Yetkili, ziyaretin Suudi Arabistan Dışişleri Bakanı'nın başkanlığında gerçekleşeceğini ve Filistin Yönetimi'nin bu teması, "bağımsız Filistin devleti kurulması yönünde uluslararası desteği artırmak" amacıyla kullanmayı hedeflediğini ifade etti.
Ramallah'ta tarihi temas planı vardı
Times of Israel’in aktardığına göre, söz konusu dışişleri heyeti, Filistin Devlet Başkanı Mahmud Abbas ile Ramallah’ta görüşmeyi planlıyordu. Ancak İsrail, bu ziyaretin gerçekleştirilmesine izin vermeyeceğini bildirerek bakanların Batı Şeria’ya girişlerini engelleme kararı aldı.

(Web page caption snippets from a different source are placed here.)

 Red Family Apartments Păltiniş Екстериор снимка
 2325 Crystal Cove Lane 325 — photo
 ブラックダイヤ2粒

İki devletli çözüm için BM'de yeni girişim
Öte yandan, Suudi Arabistan ve Fransa’nın öncülüğünde gelecek ay Birleşmiş Milletler Genel Merkezi’nde düzenlenecek bir uluslararası konferansta iki devletli çözüm yeniden gündeme getirilecek. Fransa’nın, konferans sürecinde Filistin devletini tanımayı değerlendirdiği belirtiliyor.

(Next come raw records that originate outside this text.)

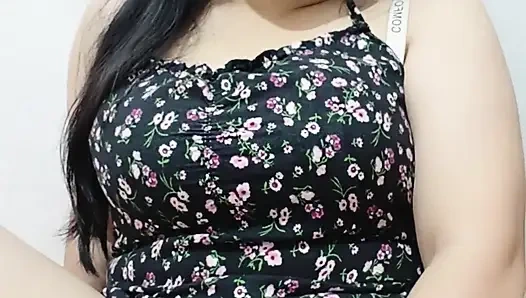 Die schöne große Schwester kommt gerade aus einem kleinen Dorf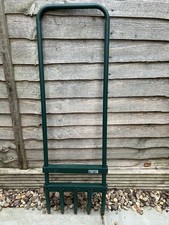 Lawn Aerator 5-Prong- By Gardener’s Mate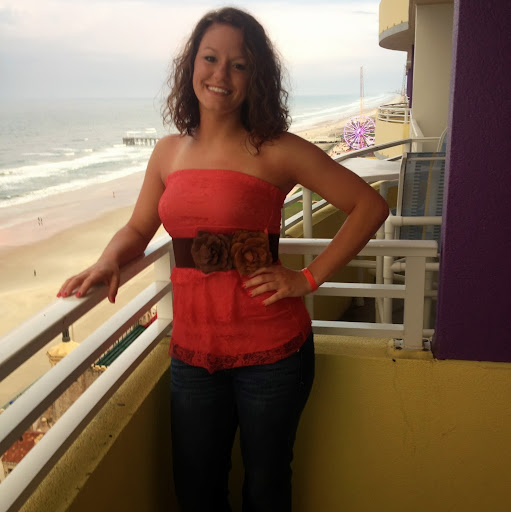 Lana Johnson Photo 12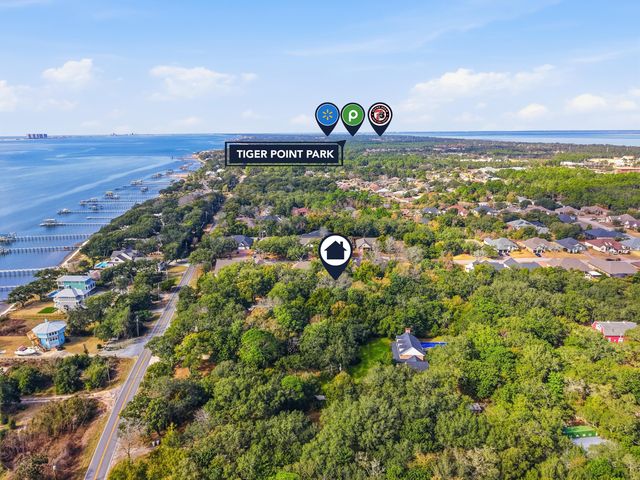 5128 Soundside Drive, Gulf Breeze, FL 32563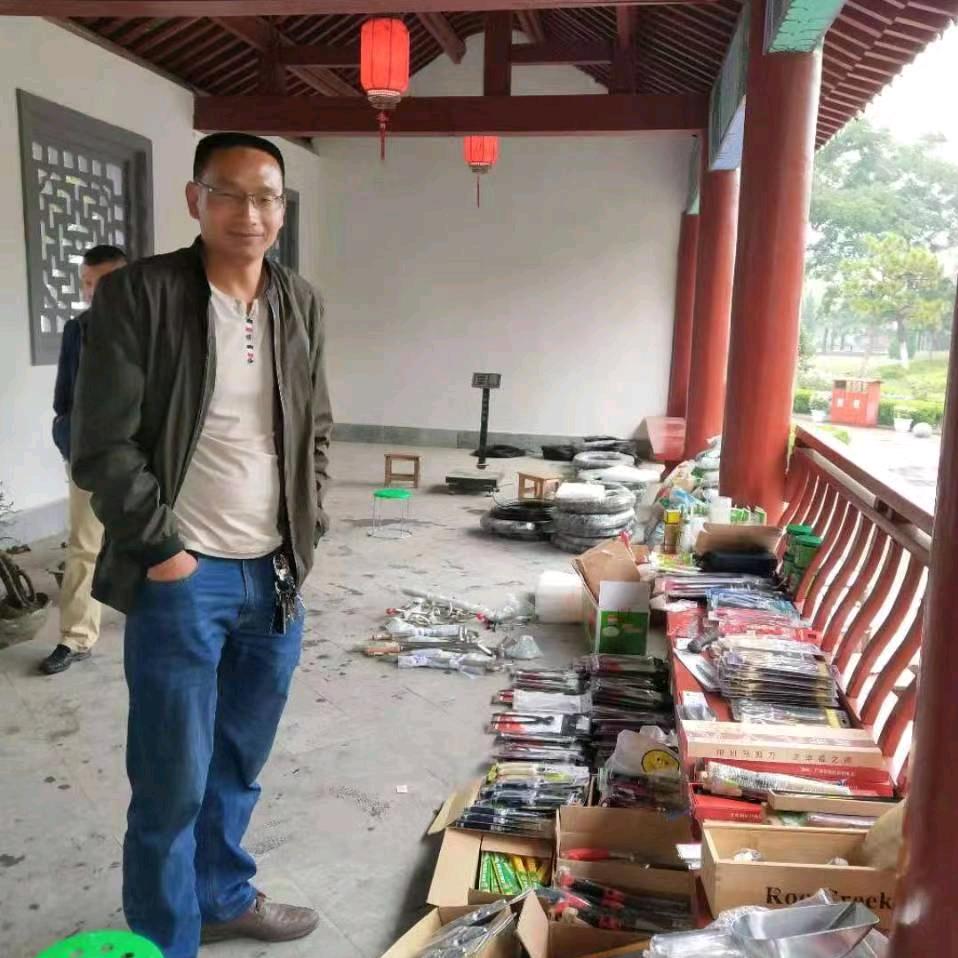 南阳盆景工具（线柏盆景）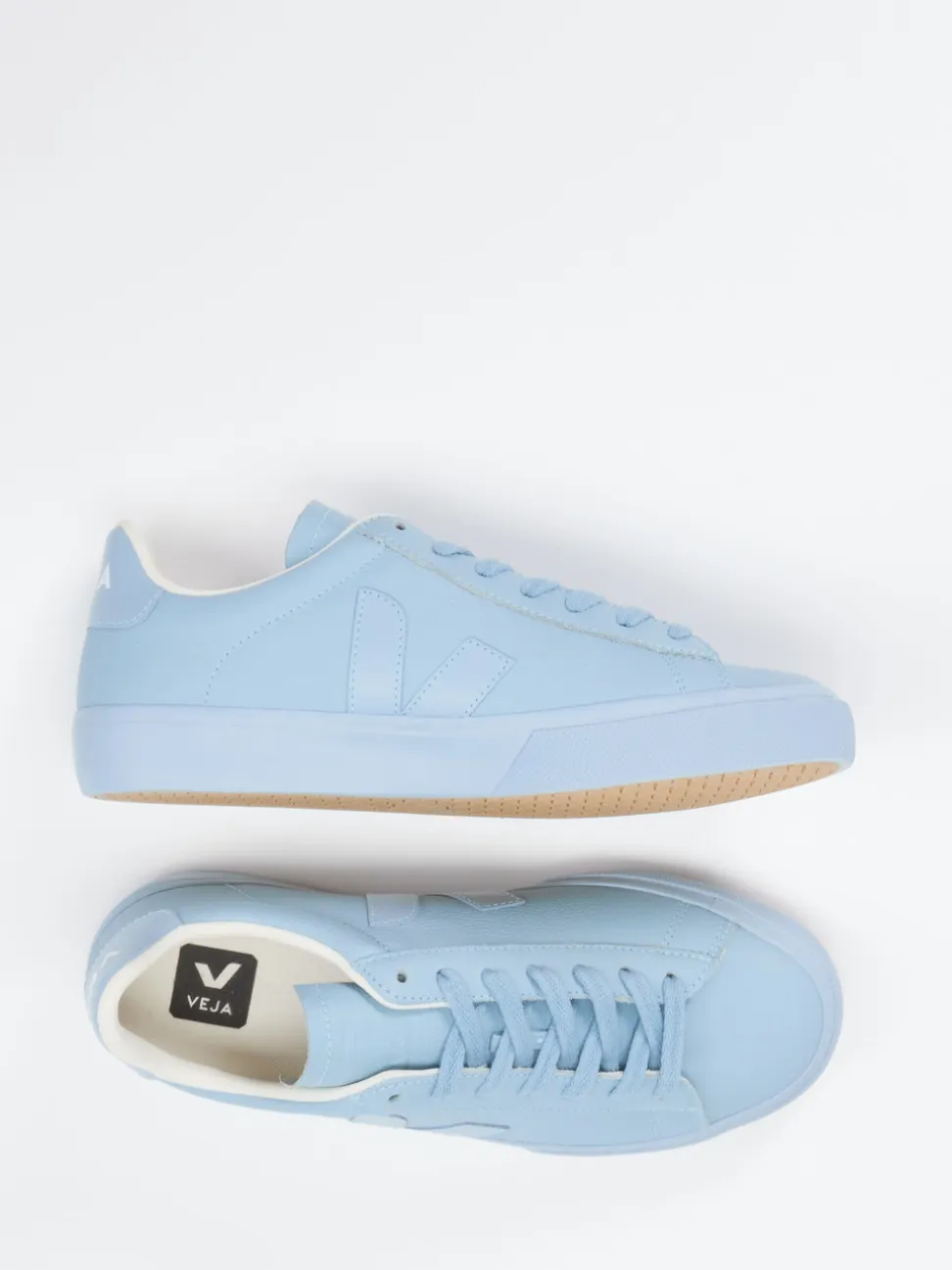 Veja – Sneaker aus genarbtem Leder Pastellblau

İsrail hükümeti ise bu yöndeki diplomatik girişimlere karşı, Batı Şeria’da yeni yerleşim birimleri inşa etmek gibi adımlarla yanıt vermeyi planlıyor.
ABD'den vize başvurularında sosyal medya taraması

Bu gelişmelerin yanı sıra, Amerika Birleşik Devletleri'nde öğrenci vizelerine dair yeni bir uygulama yürürlüğe girme hazırlığında. ABD Dışişleri Bakanlığı kaynaklarına göre, öğrenci vizesi başvurularında sosyal medya hesapları daha detaylı şekilde incelenecek. Yeni yönerge, özellikle İsrail karşıtı paylaşımlar içeren içeriklerin vize reddi gerekçesi olabileceğini ortaya koyuyor.
Dışişleri Bakanı Marco Rubio'nun imzasını taşıyan belge ile tüm ABD büyükelçilikleri ve konsolosluklarına gönderilen talimatta, sosyal medya geçmişi tam olarak değerlendirilene kadar yeni vize randevularının ertelenmesi istendi. Uygulama, "terörle mücadele" ve "antisemitizme karşı duruş" gibi gerekçelere dayandırılsa da, hangi içeriklerin antisemitik olarak değerlendirileceğine dair açık bir tanım yapılmadı.
Yeni prosedür, ifade özgürlüğü bağlamında uluslararası kamuoyunda tartışmalara neden oldu.